In the steel frame structure, the maximum deformation is received at the top and amounts to 360 mm. Comparing the deformed steel frame structure with the undeformed (Fig. 6a), where the contour of the structure before deformation (black solid line) is shown after a side impact that was in a relatively low position, the maximum deformation is fixed in the upper part of the structure. This result was to be expected, as there are additional structural elements in the lower part of the structure over the entire floor area, which reinforce this part of the structure. The upper part of the structure shall have no additional reinforcements and the structural arches shall ensure sufficient strength of the structure. When evaluating a hybrid frame structure (Fig. 6b), the maximum deformation is also fixed in the upper part of the structure and reaches 387 mm. The difference between these deformations is about 7%. The greater deformation is reached in the hybrid frame structure due to the fact that it was in the upper part that the steel was replaced by a fiberglass composite, the mechanical properties of which are inferior to those of steel.

After performing a numerical simulation of the collision and determining the energy and deformation absorbed by the structures, the SEA can also be assessed. The SEA will be assessed according to Eq. (1). All the quantities required to calculate the specific energy absorption are known. The value of the deformation of the bus frame structure is used to calculate the SEA value, which is obtained by comparing the undeformed and deformed frame structure. In the case of a steel frame structure, they are: \(W=29.85 \cdot {10}^{3}\) J; \(\rho =\mathrm{7,700 kg}/{\mathrm{m}}^{3}\); \(A=0.125 {\mathrm{m}}^{2}\); \(\delta =0.360\mathrm{ m}\). In the case of a hybrid frame structure, they are: \(W=29.89\cdot {10}^{3}\) J; \(\rho =\mathrm{6,560 kg}/{\mathrm{m}}^{3}\); \(A= 0.125{\mathrm{ m}}^{2}\); \(\delta =0.387\mathrm{ m}\).

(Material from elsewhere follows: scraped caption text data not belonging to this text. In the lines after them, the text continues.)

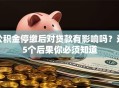 公积金停缴后对贷款有影响吗？这5个后果你必须知道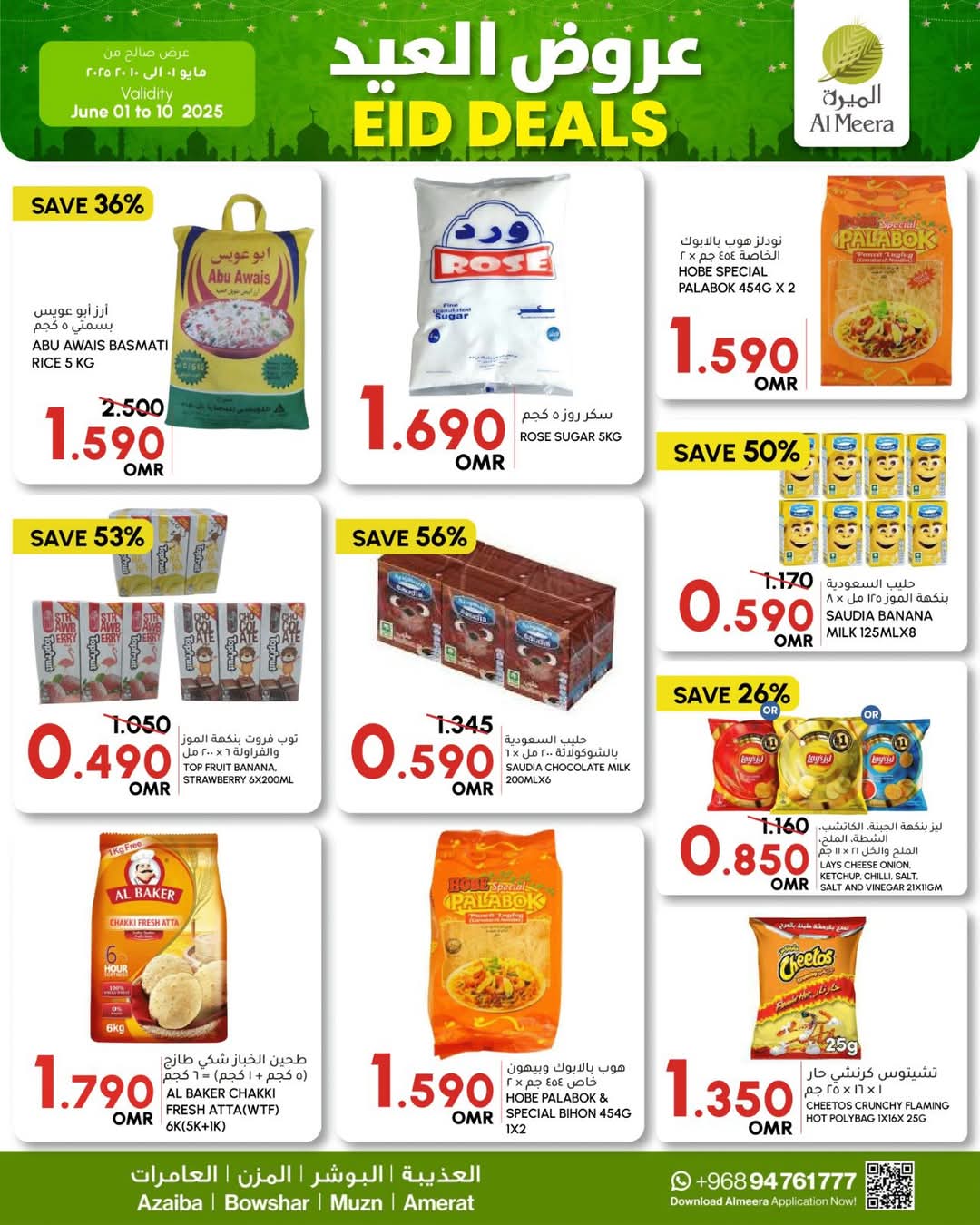offerimage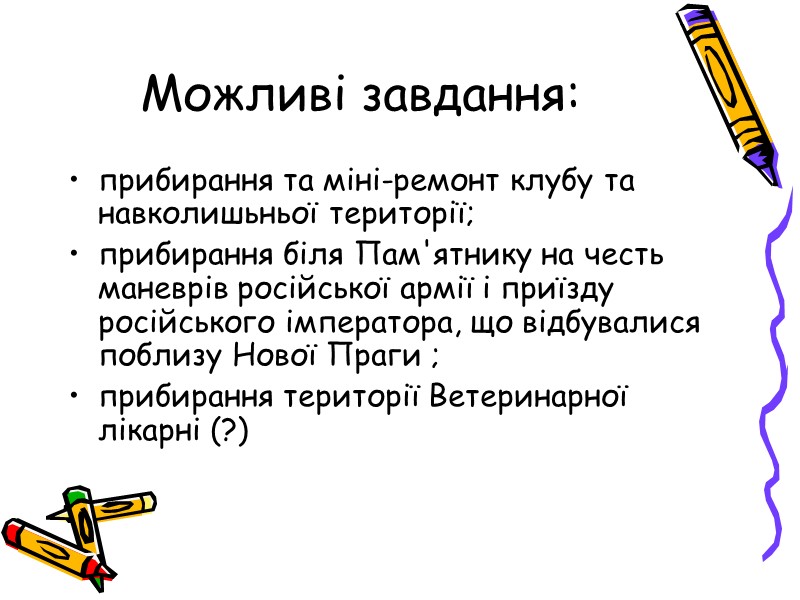 Можливі завдання: прибирання та міні-ремонт клубу та навколишьньої території; прибирання біля Пам'ятнику на честь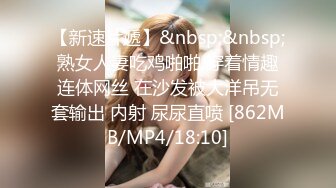 [MP4/ 3.34G] 清纯系天花板！甜美妹妹！娇小身材超会玩，假屌骑乘位，爽的淫水四溅，掰嫩穴尿尿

Calculating the SEA from the values given gives the following values: SEA_Steel = 86.15 J/kg; SEA_hybrid = 97.19 J/kg. The higher value of specific energy absorption is reached in the hybrid frame structure. The difference between the specific energy absorption values in different structures is about 12%. This difference is obtained because the amount of energy absorbed by the hybrid frame structure and the amount of deformation are close to the values of the steel frame structure but in the case of a hybrid frame structure the total structure density decreases significantly (about 15%). The higher the value of SEA, the better the structure is able to absorb energy. The resulting higher SEA value indicates that the use of composite materials significantly reduces the mass of the structure and at the same time maintains the impact resistance of the structure.

4 Conclusion

1. 1.

   In the structure of a bus frame replacing steel with a fiberglass composite reduces the weight of the frame structure by about 15%. The reduction in mass would have a positive effect on the reduction of exhaust emissions.

2. 2.

   Modeling of the side impact showed that the deformation of the hybrid frame structure is 7% higher compared to the steel frame structure.

3. 3.

   Assessing the change of the kinetic energy of the barrier over time and its general change, it can be seen that the kinetic energy of the barrier decreases by about 80% after contact in 0.015 s. The change in the kinetic energy of the barrier in the different structures is very similar and the difference between them is 1.2 kJ. This shows that both structures absorb the kinetic energy of the barrier relatively equally.

4. 4.

   Assessing how the kinetic energies of frame structures change, it can be seen that they also change uniformly. The difference in kinetic energy between different structures is about 5%.

5. 5.

   After calculating and comparing the SEA values of different structures, it was found that a higher SEA value is obtained in the hybrid frame structure. This difference is 12%. The obtained result shows that the use of composite materials can ensure high impact resistance of the structure at a lower mass.